A HOPEFUL SIGN IN THE ARAB WORLD - CALLS TO GROW UP AND ASSUME RESPONSIBILITY
These are some must read articles which should give you hope about the positive changes that are taking place in the Middle East if for no other reason than that they have been so reluctantly written and published:
1. The War Inside the Arab Newsroom written by Samantha M. Shapiro Here is a taste:
When Al-Rashed arrived at Al Arabiya, he replaced the news director and hired a new executive editor. The three men share a vision for the station that involves less gore and a wider definition of what is news and what should captivate the interest and emotions of their viewers.
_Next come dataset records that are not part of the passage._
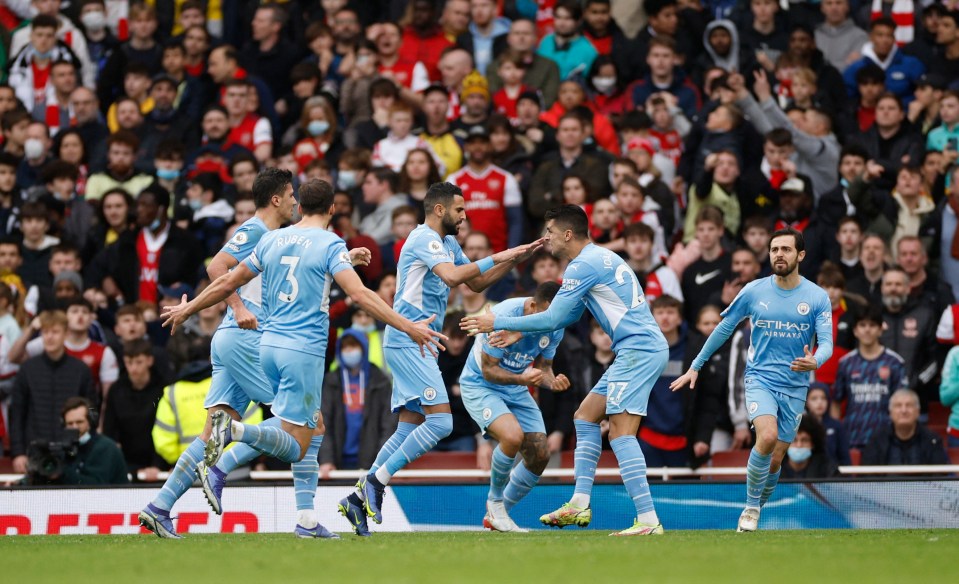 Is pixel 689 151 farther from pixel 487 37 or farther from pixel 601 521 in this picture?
pixel 601 521

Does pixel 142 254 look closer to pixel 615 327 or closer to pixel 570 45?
pixel 570 45

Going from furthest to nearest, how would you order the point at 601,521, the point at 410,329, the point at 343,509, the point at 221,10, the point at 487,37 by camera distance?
the point at 221,10, the point at 487,37, the point at 601,521, the point at 343,509, the point at 410,329

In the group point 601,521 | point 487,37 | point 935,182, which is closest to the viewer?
point 601,521

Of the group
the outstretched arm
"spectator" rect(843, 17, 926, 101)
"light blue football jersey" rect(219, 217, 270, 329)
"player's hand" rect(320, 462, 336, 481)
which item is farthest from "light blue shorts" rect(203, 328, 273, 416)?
"spectator" rect(843, 17, 926, 101)

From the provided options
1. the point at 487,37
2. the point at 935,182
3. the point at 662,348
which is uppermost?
the point at 487,37

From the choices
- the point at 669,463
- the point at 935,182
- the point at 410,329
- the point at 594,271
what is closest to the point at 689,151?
the point at 935,182

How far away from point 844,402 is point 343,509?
6.51 meters

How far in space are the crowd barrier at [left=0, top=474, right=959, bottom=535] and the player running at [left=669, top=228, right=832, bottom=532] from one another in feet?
4.18

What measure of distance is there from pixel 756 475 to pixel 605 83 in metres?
8.40

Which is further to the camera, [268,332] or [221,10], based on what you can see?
[221,10]

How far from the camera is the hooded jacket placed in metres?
16.8

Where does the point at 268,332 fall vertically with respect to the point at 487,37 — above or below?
below

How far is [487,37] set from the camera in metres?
21.5

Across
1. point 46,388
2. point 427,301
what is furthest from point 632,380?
point 46,388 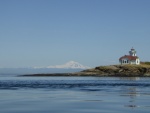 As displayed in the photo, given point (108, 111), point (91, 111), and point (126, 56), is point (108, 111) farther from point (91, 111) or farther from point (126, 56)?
point (126, 56)

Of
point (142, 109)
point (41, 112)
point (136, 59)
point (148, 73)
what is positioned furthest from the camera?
point (136, 59)

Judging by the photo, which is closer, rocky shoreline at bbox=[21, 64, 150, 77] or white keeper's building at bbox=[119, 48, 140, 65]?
rocky shoreline at bbox=[21, 64, 150, 77]

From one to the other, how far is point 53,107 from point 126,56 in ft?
535

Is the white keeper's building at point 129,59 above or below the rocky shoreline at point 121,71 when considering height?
above

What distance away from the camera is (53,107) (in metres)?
32.6

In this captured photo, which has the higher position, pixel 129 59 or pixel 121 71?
pixel 129 59

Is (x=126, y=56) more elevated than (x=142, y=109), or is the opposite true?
(x=126, y=56)

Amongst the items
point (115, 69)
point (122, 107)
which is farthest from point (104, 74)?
point (122, 107)

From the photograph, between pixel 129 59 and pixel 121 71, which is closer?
pixel 121 71

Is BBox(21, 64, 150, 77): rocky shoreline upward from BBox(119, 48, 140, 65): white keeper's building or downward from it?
downward

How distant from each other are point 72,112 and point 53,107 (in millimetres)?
3733

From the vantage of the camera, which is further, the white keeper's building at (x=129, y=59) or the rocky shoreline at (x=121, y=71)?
the white keeper's building at (x=129, y=59)

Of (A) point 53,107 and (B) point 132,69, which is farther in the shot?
(B) point 132,69

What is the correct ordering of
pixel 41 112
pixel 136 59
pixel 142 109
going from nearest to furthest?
pixel 41 112 < pixel 142 109 < pixel 136 59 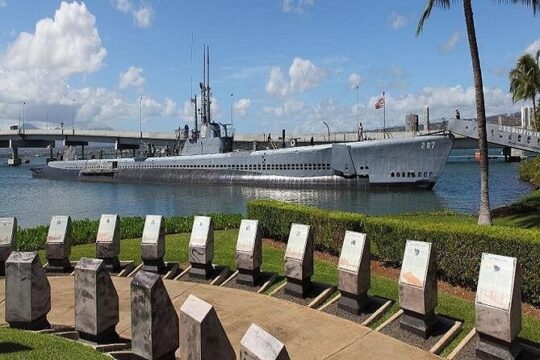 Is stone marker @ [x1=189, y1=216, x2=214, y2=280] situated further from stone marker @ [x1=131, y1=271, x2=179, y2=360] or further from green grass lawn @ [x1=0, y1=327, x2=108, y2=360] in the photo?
stone marker @ [x1=131, y1=271, x2=179, y2=360]

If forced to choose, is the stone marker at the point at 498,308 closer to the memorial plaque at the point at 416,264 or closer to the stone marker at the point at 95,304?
the memorial plaque at the point at 416,264

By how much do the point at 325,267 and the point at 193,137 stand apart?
2322 inches

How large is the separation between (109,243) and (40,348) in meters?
4.92

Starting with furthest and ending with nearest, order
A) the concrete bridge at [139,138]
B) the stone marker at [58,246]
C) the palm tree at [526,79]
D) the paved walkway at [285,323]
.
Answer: the concrete bridge at [139,138], the palm tree at [526,79], the stone marker at [58,246], the paved walkway at [285,323]

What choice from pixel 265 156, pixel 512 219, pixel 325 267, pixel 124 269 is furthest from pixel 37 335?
pixel 265 156

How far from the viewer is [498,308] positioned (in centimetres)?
588

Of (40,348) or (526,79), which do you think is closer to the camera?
(40,348)

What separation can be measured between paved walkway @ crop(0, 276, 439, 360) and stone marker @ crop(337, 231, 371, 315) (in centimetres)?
41

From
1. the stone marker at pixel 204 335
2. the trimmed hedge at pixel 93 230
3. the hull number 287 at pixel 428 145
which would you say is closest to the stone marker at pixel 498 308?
the stone marker at pixel 204 335

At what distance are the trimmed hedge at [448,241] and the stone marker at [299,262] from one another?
3380mm

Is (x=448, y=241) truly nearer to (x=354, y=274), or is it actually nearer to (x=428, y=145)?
(x=354, y=274)

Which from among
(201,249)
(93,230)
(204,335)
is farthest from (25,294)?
(93,230)

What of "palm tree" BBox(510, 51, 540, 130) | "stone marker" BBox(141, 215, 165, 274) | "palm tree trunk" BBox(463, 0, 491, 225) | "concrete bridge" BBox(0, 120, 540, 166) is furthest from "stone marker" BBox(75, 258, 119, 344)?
"concrete bridge" BBox(0, 120, 540, 166)

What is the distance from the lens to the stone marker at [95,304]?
670cm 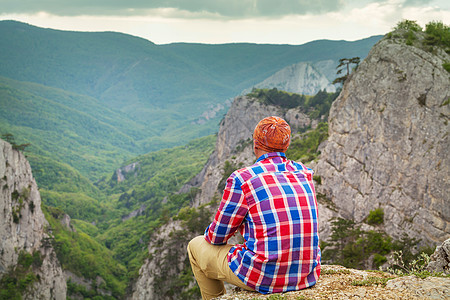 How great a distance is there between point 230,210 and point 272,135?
144 centimetres

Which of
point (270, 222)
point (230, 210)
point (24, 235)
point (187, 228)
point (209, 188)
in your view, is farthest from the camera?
point (209, 188)

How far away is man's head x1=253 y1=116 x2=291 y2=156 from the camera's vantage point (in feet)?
19.6

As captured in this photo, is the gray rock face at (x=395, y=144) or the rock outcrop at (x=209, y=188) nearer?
the gray rock face at (x=395, y=144)

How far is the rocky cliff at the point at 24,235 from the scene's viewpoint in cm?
6506

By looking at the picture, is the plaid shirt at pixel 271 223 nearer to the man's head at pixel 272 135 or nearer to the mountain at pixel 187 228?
the man's head at pixel 272 135

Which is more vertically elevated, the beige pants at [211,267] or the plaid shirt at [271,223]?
the plaid shirt at [271,223]

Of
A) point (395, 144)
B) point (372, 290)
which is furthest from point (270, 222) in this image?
point (395, 144)

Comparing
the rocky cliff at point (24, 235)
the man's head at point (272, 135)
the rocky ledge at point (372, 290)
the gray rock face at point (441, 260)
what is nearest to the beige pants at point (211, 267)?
the rocky ledge at point (372, 290)

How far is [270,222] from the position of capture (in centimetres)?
560

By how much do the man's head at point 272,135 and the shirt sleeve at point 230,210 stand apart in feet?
2.65

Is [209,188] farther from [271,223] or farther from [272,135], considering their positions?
[271,223]

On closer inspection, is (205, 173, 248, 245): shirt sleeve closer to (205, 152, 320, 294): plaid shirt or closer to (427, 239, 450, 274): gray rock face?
(205, 152, 320, 294): plaid shirt

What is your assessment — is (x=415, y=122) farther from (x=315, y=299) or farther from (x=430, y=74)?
(x=315, y=299)

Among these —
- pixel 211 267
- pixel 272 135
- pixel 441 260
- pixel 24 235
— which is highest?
pixel 272 135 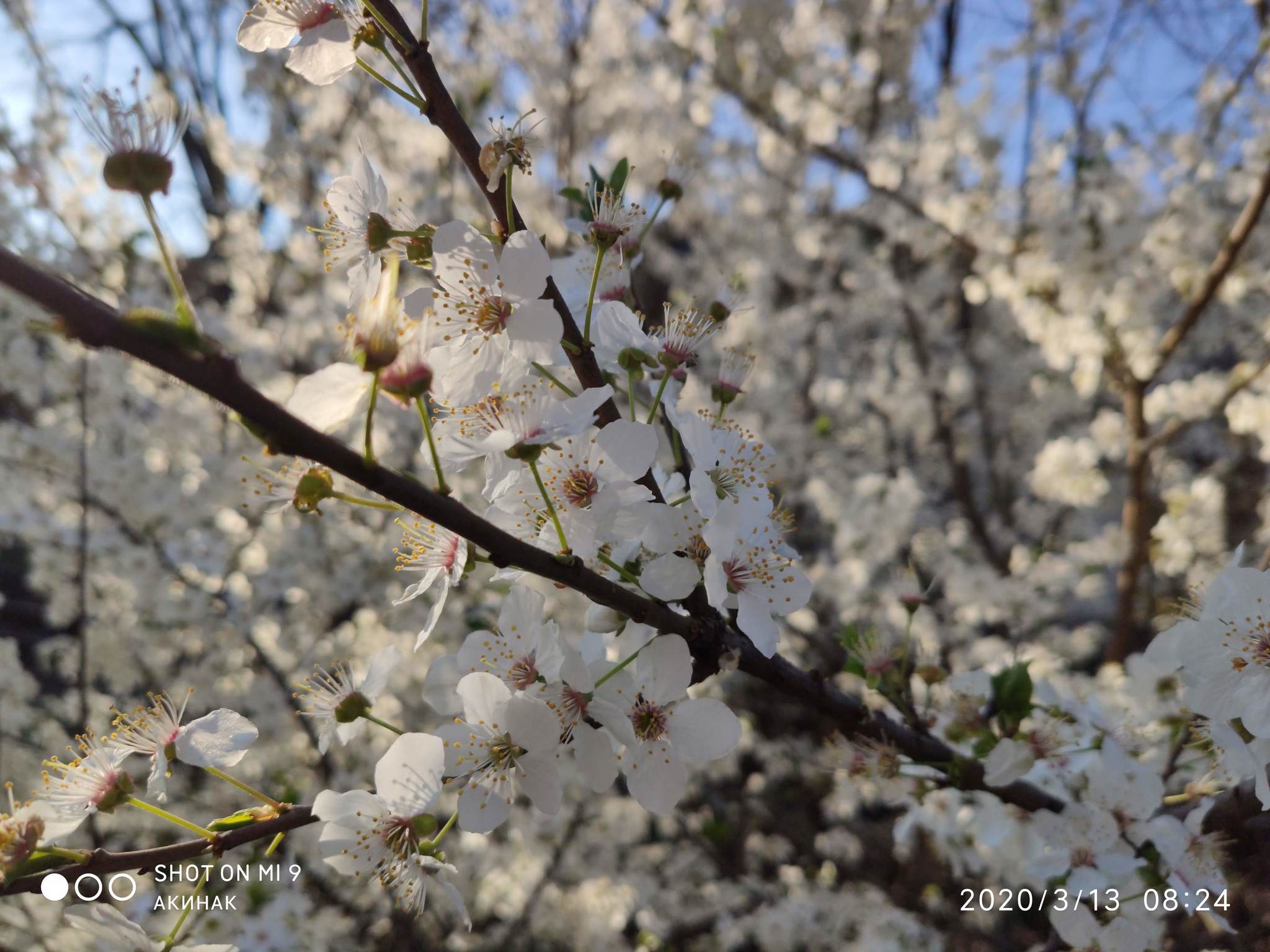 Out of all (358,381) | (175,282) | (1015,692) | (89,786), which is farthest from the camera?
(1015,692)

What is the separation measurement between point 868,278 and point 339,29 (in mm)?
5208

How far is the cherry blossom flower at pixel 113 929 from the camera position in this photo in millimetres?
831

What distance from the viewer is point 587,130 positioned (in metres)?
5.89

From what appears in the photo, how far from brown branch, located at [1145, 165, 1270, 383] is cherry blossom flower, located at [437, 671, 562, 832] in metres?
3.08

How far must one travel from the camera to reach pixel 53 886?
0.82 metres

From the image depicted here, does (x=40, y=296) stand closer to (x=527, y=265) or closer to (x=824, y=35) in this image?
(x=527, y=265)

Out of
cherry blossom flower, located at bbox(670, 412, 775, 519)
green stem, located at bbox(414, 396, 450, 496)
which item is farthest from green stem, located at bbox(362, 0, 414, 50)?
cherry blossom flower, located at bbox(670, 412, 775, 519)

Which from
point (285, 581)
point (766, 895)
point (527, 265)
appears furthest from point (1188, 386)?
point (285, 581)

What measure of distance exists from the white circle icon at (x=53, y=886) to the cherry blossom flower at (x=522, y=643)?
18.5 inches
The new leadership triumvirate is interested in reporting stories about honor killings and violence against women in Arab countries, a widespread phenomenon rarely considered newsworthy by other Arab media outlets. Al-Rashed and his top editors also push for lighter stories about daily life -- the kind of apolitical features that fill much of the programming day on Western news channels.
On directions from Al-Rashed, Al Arabiya anchors and correspondents now refer to American troops in Iraq as ''multinational forces,'' not ''occupying forces.'' He told the producer of ''The Fourth Estate,'' a program that serves as a roundup of Western media, to stop quoting from The Guardian and The Independent, two left-leaning British papers whose content used to provide much of the show's material. One Al Arabiya host told me that she had been instructed to cut off guests who digress into anti-American rants, and other hosts I spoke to said they were being encouraged to ask tougher questions in their interviews.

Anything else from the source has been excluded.